TASK DETAILS
Using the records below, give again exactly the lines from the line that contains "So in a query" through the line that contains "Wi-Fi Disk is", both ends included, and only those.

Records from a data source
■ ■ ■ ■ ■

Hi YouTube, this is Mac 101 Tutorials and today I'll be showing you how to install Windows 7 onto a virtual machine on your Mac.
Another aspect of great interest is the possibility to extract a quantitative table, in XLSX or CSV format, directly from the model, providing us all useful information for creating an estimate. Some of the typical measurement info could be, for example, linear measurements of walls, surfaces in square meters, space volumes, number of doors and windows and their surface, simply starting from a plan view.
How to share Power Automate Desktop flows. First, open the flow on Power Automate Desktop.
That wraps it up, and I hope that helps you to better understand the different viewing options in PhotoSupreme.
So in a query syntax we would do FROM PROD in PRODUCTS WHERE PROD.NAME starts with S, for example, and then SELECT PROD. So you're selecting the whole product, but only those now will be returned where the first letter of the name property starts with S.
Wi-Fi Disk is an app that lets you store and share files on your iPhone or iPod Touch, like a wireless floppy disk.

■ ■ ■ ■ ■

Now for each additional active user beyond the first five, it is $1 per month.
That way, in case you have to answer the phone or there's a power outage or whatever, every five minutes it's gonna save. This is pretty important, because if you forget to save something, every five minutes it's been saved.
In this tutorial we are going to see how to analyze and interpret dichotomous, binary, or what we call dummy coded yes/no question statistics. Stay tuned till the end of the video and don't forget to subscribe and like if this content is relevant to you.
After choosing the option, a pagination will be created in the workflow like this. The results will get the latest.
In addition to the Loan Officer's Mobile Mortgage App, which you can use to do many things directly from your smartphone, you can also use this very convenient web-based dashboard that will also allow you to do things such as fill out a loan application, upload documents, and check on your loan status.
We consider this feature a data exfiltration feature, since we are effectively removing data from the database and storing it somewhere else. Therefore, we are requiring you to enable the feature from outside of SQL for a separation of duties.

■ ■ ■ ■ ■

YOUR RESPONSE
So in a query syntax we would do FROM PROD in PRODUCTS WHERE PROD.NAME starts with S, for example, and then SELECT PROD. So you're selecting the whole product, but only those now will be returned where the first letter of the name property starts with S.
Wi-Fi Disk is an app that lets you store and share files on your iPhone or iPod Touch, like a wireless floppy disk.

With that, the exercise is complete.